South Asian Yards Break 85 Pct of End-of-Life Ships in 3Q

Image Courtesy: NGO Shipbreaking Platform

Out of the 144 end-of-life ships which were sold for breaking in the third quarter of 2016, 85 percent ended up on South Asian beaches, according to the data collected and analysed by the NGO Shipbreaking Platform.

This percentage of shipbreaking activities in Bangladesh, Pakistan and India made this quarter “one of the worst in the last years in terms of the small percentage of ships recycled in non-­beaching yards,” the Platform said.

Out of 122 vessels that reached the shores of India, Pakistan and Bangladesh this quarter, bulk carriers counted the highest number, adding 41 ships to the total of 293 bulk carriers broken so far this year. India was the preferred final destination between July and September 2016.

EU­-based shipping companies were the last beneficial owners of 52 ships sold to South Asia in the third quarter of 2016. For the first time, German owners topped the list with 25 ships sold to South Asian breakers, followed by Greek owners that sold 17.

Chinese and South Korean owners also rank high on the list all selling several vessels to Bangladesh.

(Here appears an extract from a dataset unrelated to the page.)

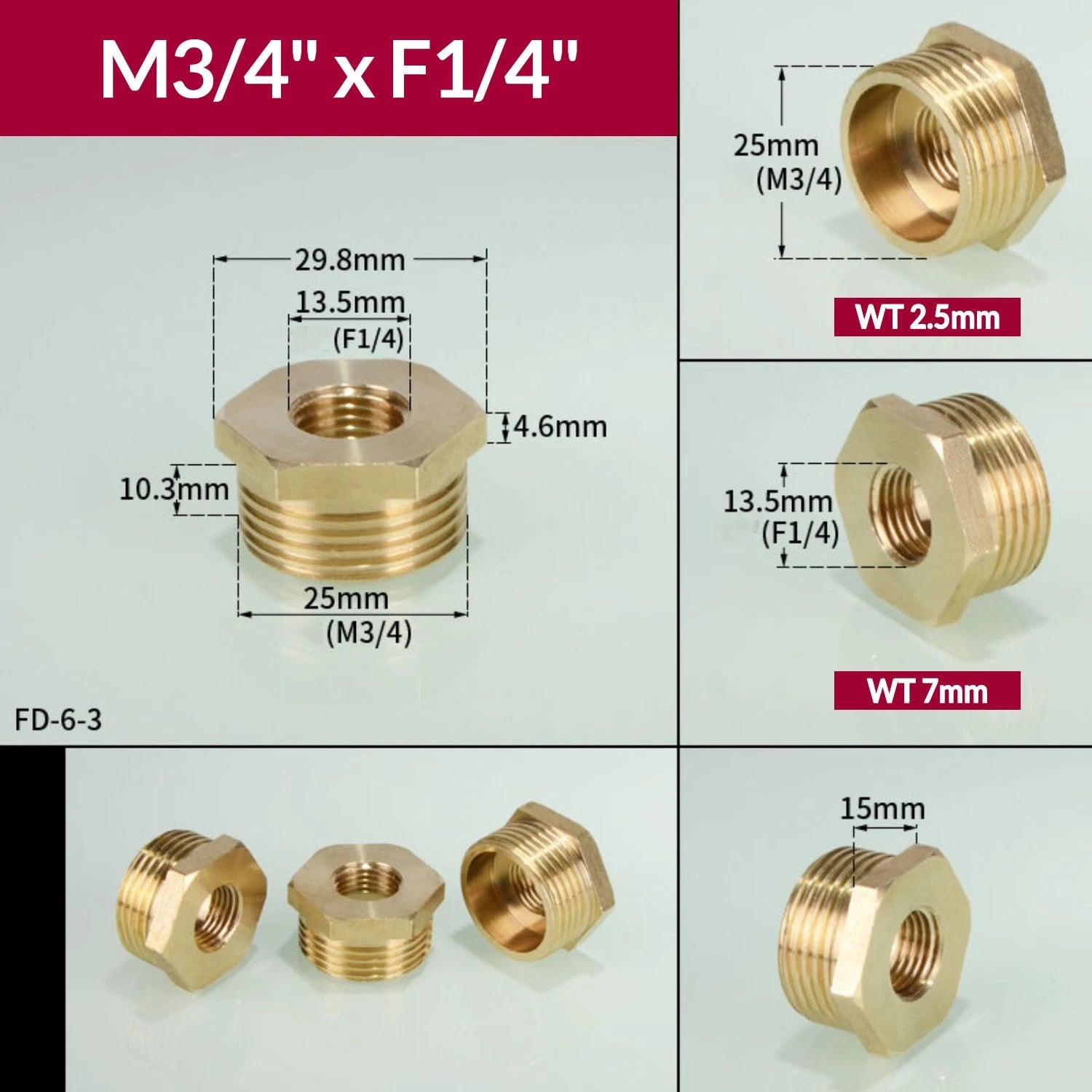 BSP Brass Reducing Hexagon Bush — Male to Female Thread Pipe Fittings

Image Courtesy: NGO Shipbreaking Platform
Image Courtesy: NGO Shipbreaking Platform

Whilst grey and black listed flags, such as Comoros and St Kitts and Nevis, continue to be particularly popular for end-of-life ships, also ships registered under the flags of Germany, Malta and Sweden ended up on the South Asian beaches.

The new EU Regulation on Ship Recycling will prohibit the dismantling of EU-­flagged ships in substandard yards. However, by flagging out to a non-­EU flag before selling the ship for scrap, ship owners can easily circumvent EU law, NGO Shipbreaking Platform said.

40 ships, including two Cyprus flagged ships, one German and one Greek flagged ships, changed their flag just weeks before hitting the beach.

During the three-month period, three fatal accidents and one injury were recorded in Chittagong. Another fatal accident occurred at a yard in Alang, India, when a worker fell into a tank, according to the Platform.

However, November was marked by an explosion at Pakistan’s Gadani shipbreaking yard, which took the lives of at least 26 people, while over 60 workers were injured. Following the incident aboard an oil tanker which was being dismantled at the yard, all shipbreaking activities were suspended in Gadani while investigations are underway.